Would you return the lines between the one holding "Andibro 2 pennelli" and the one holding "Photo 1 of 4th", inclusive, and only those, exactly as they stand in the listing below?
(RECORDS begins)
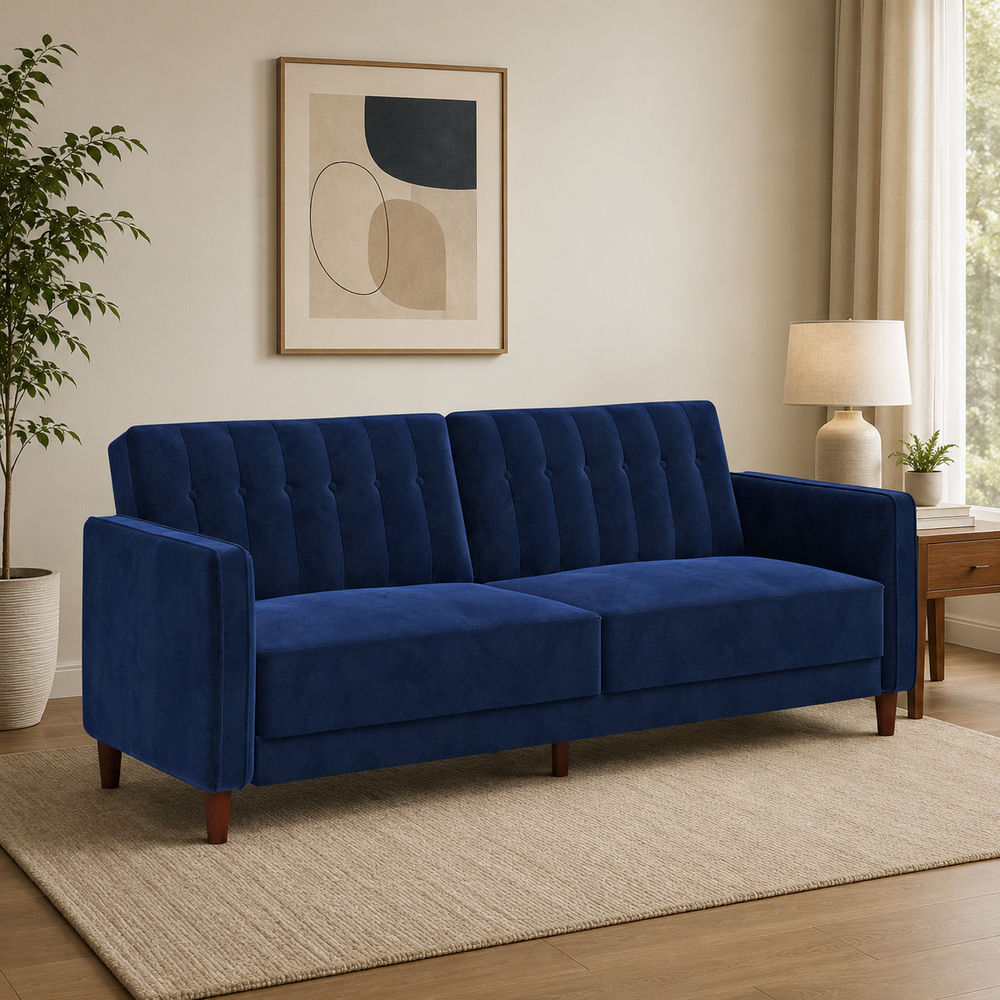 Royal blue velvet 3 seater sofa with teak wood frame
(RECORDS ends)
(RECORDS begins)
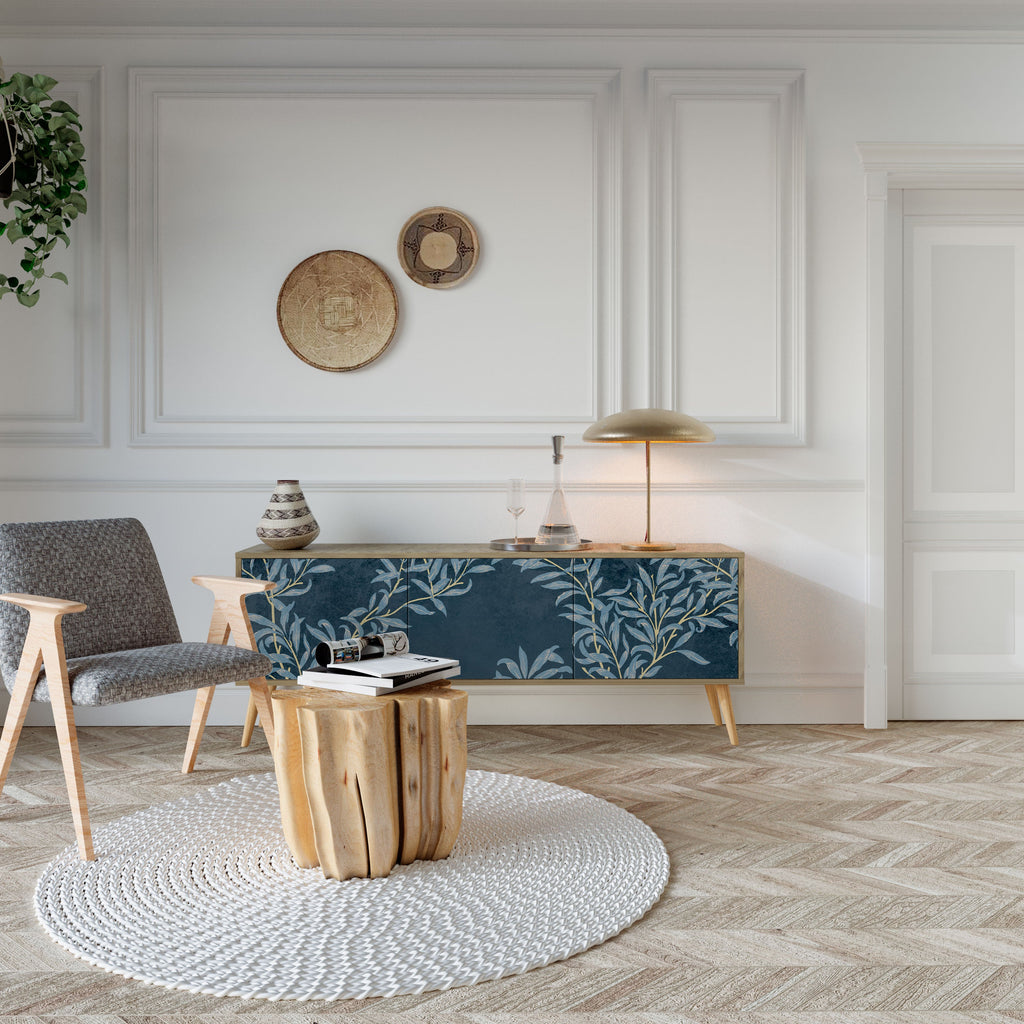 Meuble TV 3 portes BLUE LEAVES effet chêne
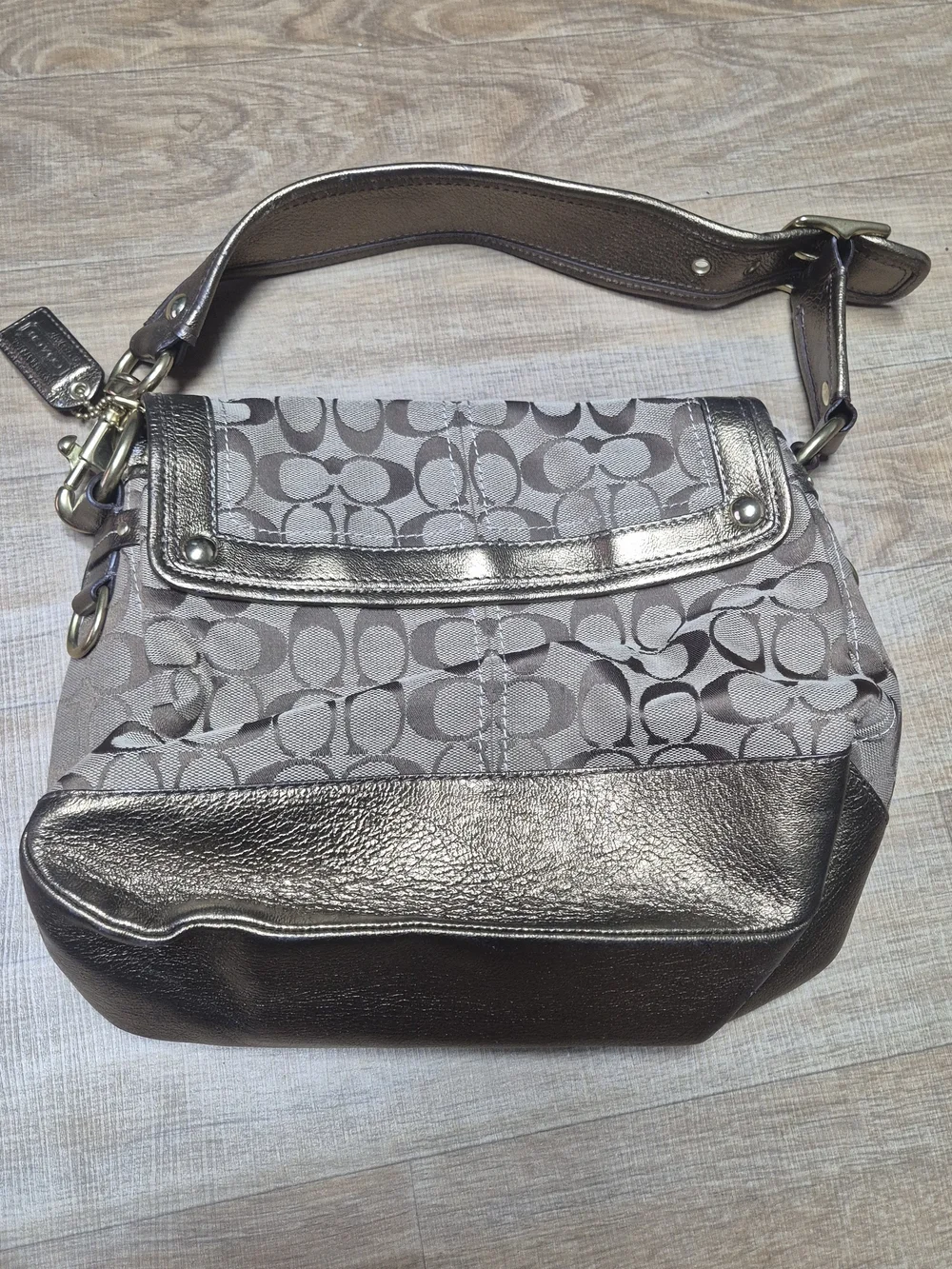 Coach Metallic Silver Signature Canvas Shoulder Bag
(RECORDS ends)
(RECORDS begins)
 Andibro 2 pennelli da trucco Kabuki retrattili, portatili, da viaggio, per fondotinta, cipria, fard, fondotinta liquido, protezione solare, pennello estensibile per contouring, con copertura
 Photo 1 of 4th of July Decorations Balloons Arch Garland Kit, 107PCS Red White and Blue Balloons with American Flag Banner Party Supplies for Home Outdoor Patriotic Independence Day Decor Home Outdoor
(RECORDS ends)
(RESPONSE)
 Andibro 2 pennelli da trucco Kabuki retrattili, portatili, da viaggio, per fondotinta, cipria, fard, fondotinta liquido, protezione solare, pennello estensibile per contouring, con copertura
 Photo 1 of 4th of July Decorations Balloons Arch Garland Kit, 107PCS Red White and Blue Balloons with American Flag Banner Party Supplies for Home Outdoor Patriotic Independence Day Decor Home Outdoor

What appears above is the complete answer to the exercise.